Take it from someone who grew up on the left coast where the water was only 55 during the height of the summer months....55 degree water sucks fast!:thumbsup:


----------



## jmunoz (Jan 11, 2012)

DownSouthDave said:


> Thanks for the input fellas, i'll investigate this further once I get home. I don't think I will have a problem adding it, I already have a card in there.


If you cant figure it out bring it to me and ill load it up for you.


----------



## JD7.62 (Feb 13, 2008)

And one thing about winter fishing most people dont realize is the north wind. It may look nice on the beach, heck even the wind may not seem bad. BUT before you know it youre a mile out and the wind will be ripping and it will be down right nasty!I fish alone often during the warmer months but will NOT fish alone with a north wind.


----------



## boomyak (Mar 21, 2014)

DownSouthDave said:


> HOLY CRAP, thanks for that. I've looked at the list before, but I was having trouble making heads or tails of it.
> 
> And just to be clear, you mean I just grab the coordinates from google earth and plug them into my FF. There isn't an easy button or anything like that, I need to enter them manually?

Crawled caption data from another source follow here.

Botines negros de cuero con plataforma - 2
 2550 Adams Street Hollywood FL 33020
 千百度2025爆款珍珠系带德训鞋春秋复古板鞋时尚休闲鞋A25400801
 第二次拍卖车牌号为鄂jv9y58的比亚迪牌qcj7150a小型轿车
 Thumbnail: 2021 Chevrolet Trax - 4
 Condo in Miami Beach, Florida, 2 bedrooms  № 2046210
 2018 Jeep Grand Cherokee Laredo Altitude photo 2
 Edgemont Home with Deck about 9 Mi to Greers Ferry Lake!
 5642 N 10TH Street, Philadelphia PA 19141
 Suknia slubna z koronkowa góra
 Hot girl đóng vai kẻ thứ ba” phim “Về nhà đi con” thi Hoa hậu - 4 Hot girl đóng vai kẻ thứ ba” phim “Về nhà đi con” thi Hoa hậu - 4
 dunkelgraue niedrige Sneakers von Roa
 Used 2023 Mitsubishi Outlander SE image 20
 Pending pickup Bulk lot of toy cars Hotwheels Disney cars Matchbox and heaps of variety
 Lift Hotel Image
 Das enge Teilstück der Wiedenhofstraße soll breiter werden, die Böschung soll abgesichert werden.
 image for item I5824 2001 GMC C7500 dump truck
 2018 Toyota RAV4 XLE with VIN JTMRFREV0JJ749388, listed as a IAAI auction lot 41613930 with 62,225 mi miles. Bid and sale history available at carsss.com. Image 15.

Go to this post: http://www.pensacolafishingforum.com/f25/free-gps-fishing-numbers-downloads-437753/ it was put up recently in the reefs and wrecks section.


Pretty much as easy button as it gets. I had never loaded a card or put in numbers and it was super easy. Download the file, put it in the memory card, insert in FF and turn it on. My lowrance automatically prompts to load the file. No conversion necessary. The file foxtrotuniform put up has multiple types of GPS file formats in it.


EDIT: One thing I did have an issue with: make sure the file on the memory card is NOT in a folder or sub directory and clear the other unnecessary files off it. Also, it has to be 2GB or smaller (for my lowrance at least)


----------